----- Records for the task
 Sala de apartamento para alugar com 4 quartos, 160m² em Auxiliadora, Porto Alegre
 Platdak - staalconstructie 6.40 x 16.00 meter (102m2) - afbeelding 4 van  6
----------
----- Records for the task
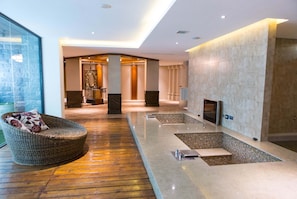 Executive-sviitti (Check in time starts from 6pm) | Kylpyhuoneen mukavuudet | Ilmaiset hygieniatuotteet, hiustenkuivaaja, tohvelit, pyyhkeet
----------
----- Records for the task
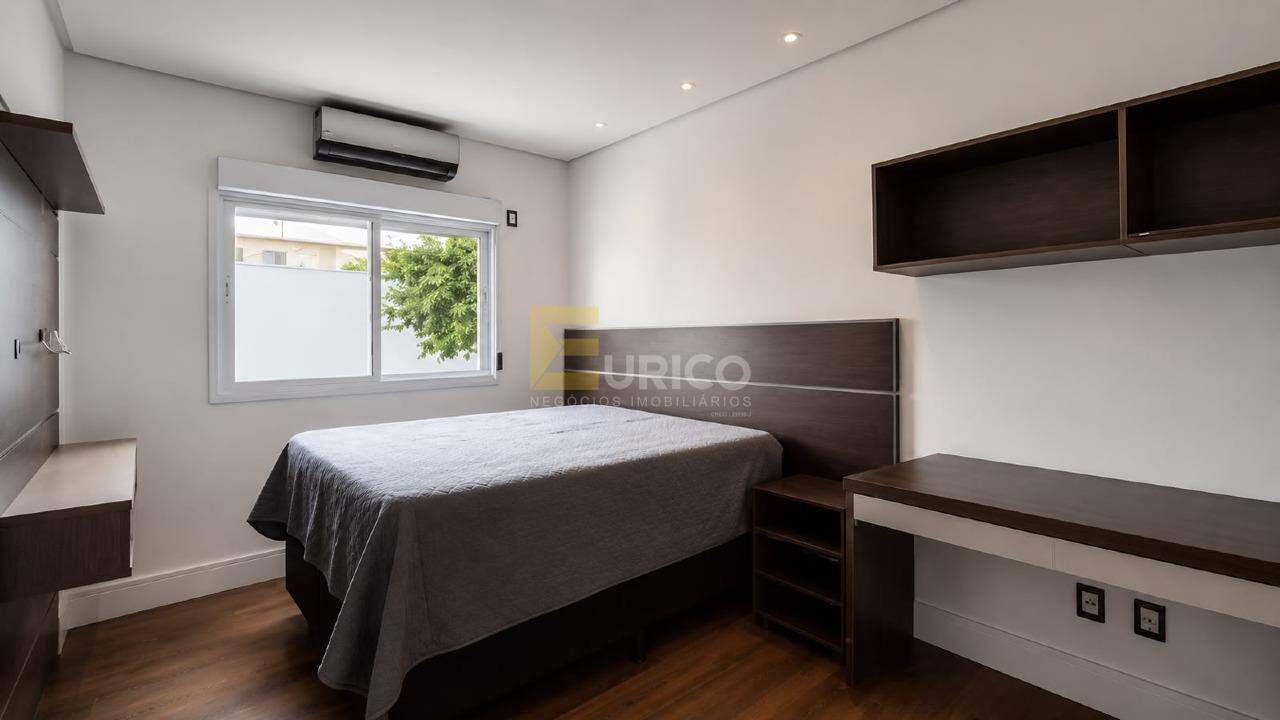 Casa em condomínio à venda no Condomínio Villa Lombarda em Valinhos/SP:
----------
• _Required work_
Wherever the line holding "Sala de apartamento" falls in the entries above, copy exactly from it through the line holding "Platdak - staalconstructie", inclusive, and add nothing.

• _Answer space_
 Sala de apartamento para alugar com 4 quartos, 160m² em Auxiliadora, Porto Alegre
 Platdak - staalconstructie 6.40 x 16.00 meter (102m2) - afbeelding 4 van  6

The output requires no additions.